I will say that a lot of the dialogue from NPCs feels very hammy and awkward. While I know NPCs aren’t usually there to impart impressive and witty observations, I think they probably could have been tidied up a little to sound a bit more like actual humans. The game is very tongue-in-cheek, however, so that’s another thing I’m willing to let slide on the basis of the genre and style of humour, even if I could have dealt with a little less dialogue cringe.
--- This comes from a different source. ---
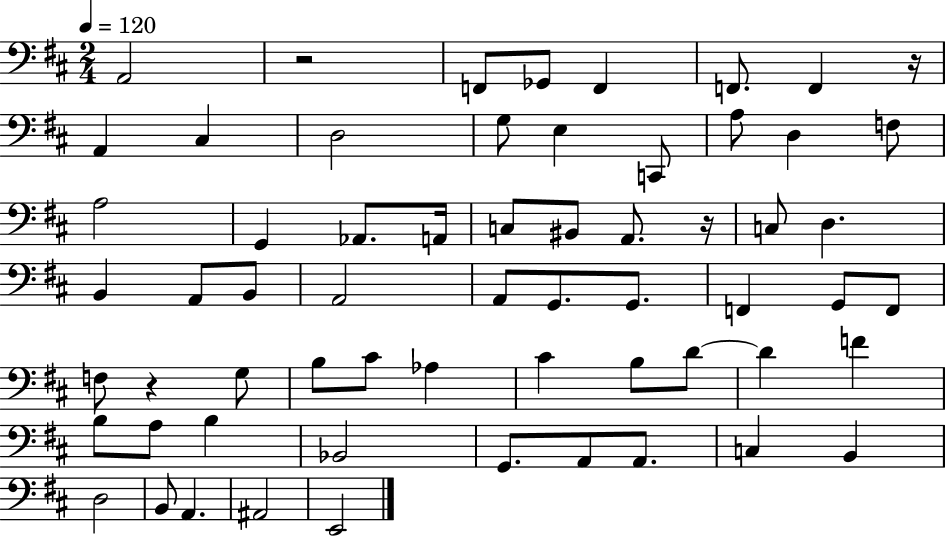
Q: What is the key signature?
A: D major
Talking purely from personal experience and not as a criticism of the game, I encountered a point around my 20th or so cycle where I was absolutely stumped. I was getting the occasional new topic to explore, but it wasn’t actually getting me anywhere in terms of the story. I was trying everything I could think of to resolve a topic and I kept coming up against dead ends. When I ended up looking up the solution, I discovered that a topic I’d uncovered from a set of decisions made in a cycle very early in my save related to the one I was attempting in cycle 20-whatever. I had completely forgotten about it because I hadn’t made the exact same decisions and progression through Mars’ day since then. If you’re playing the game and end up getting stuck, definitely review your stock of topics, even ones from very early cycles, because it’s probably more obvious of a solution than you think.

 

 

While my coverage of Mars Underground suffered from the arrival of Sekiro at roughly the same time, my opinion of the game remains very high. I think there are small areas of the game which could use some polish, but for the price and the time you get to spend playing it, it’s definitely a game that I would recommend picking up if you have sub-10 hours to kill. Mars Underground is a cute, funny little love letter to the Mother era of NES games and it has been clearly been put together with a lot of love and care. Step into the quirky little town of Phobos and unravel the mystery of Mars’ never-ending first day of school.

 

 

 

This review is based on a retail copy of the game provided by the publisher.